In this blog we will consider the example of Blackscholes – a data-parallel application that is part of the PARSEC benchmark suite. We will show how optimizing data read/write can significantly improve the scalability of the multi-threaded application.
Blackscholes prices a portfolio of options with the Black-Scholes partial differential equation. The application input is a file with rows of options data with each row containing details for one option. The input dataset we used consists of 2.5 million options. During the initialization phase, the application uses a single thread to read the options data from file line by line and initialize the data structures. It then uses multiple threads in parallel to compute the prices for all the options, and then finally writes the result prices one per option to an output file line by line in a single thread serially. The graph below shows the performance scaling of the application for varying number of threads on a system with 80 logical cores [Performance Ratio: Application run time with 1 thread/Application run time with x threads]

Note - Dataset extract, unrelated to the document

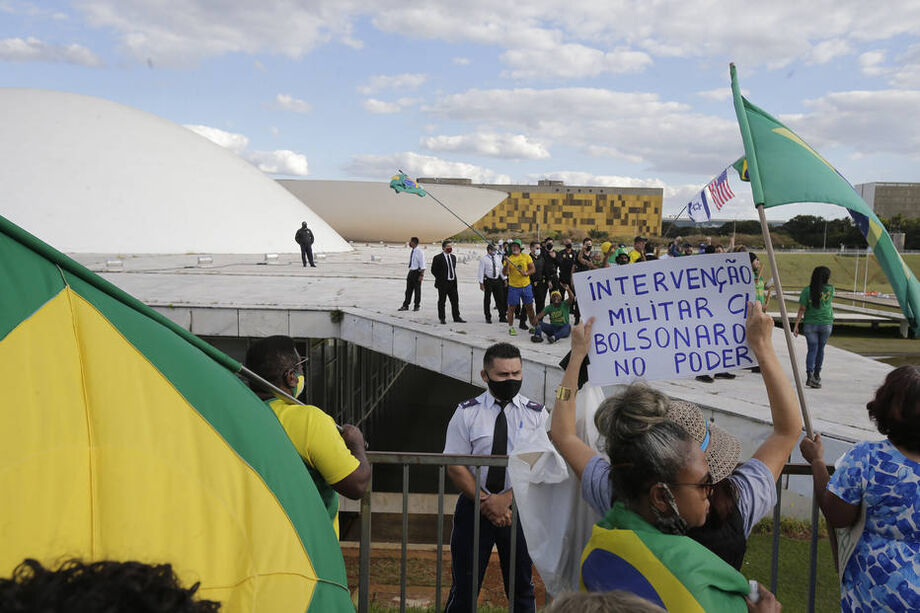Manifestantes pró-governo, liderados pela ativista Sara Winter, invadem a cupula do Congresso Nacional pelo acesso do Senado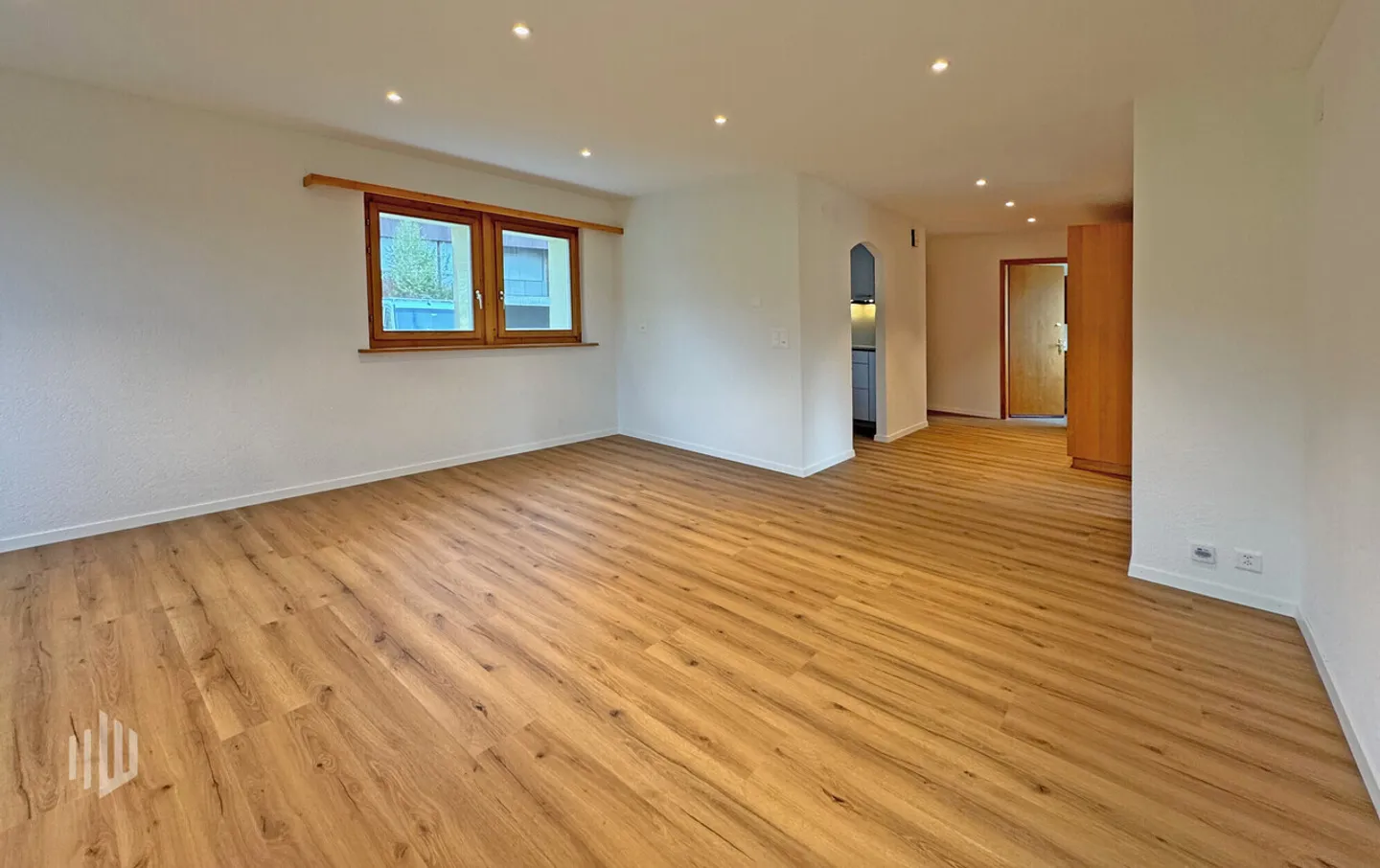 ImmoWyss - Appartement rénové de 3,5 pièces au rez-de-chaussée avec coin salon dans le jardin - Photo 3 sur 11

Figure 1: Blackscholes Pre-Optimization Performance Scaling
From the above graph it can be seen that there is no performance gained by increasing the number of threads above 15.
The below MPSTAT chart shows the CPU loads at different instants of time over the course of the application running time when run with 80 threads.
Figure 2: MPSTAT data showing the CPU load at different instants of time
Here we see that when the application is run with 80 threads, 65% of the time is spent on reading and initializing options data from file serially and another 25% of the time is spent on writing the results to file serially. The performance scaling tops out at 15 threads because the processing time of the serial parts of the application begins to outweigh the processing time spent in the parallel parts. This is a good example of Amdahl’s law – the serial part of the program imposes limitations on the overall performance gains of the applications. Adding more threads/CPU cores is not going to help unless we optimize the serial part of the application.
We will now look into one of the approaches taken to optimize the application data read/write for better performance scaling.
Optimizing Data initialization:
During the application initialization phase, rather than reading options data from file line by line, the complete file data is read in bulk to an in-memory buffer and pointers to each option data are created through tokenizing the buffer in a single thread. Subsequently options data reading and initialization to data structures is parallelized by distributing the options data pointers among threads. Now multiple threads concurrently read the options data and also process them to compute prices.
Optimizing data writing:
After multiple threads concurrently process the options data, instead of a single thread writing the results line by line to an output file, multiple threads concurrently write the results to their part of a common output buffer. When all parallel threads are done with writing the results to the buffer, the complete buffer is written in bulk to an output file in a single thread.
The below graph compares the performance of the BlackScholes application after optimization.
Figure 3: Blackscholes Performance scaling after Optimization
With the above approach of data read/write optimization we are able see 5x speedup in the application, thus by optimizing the serial part we can improve the overall performance of a parallel application.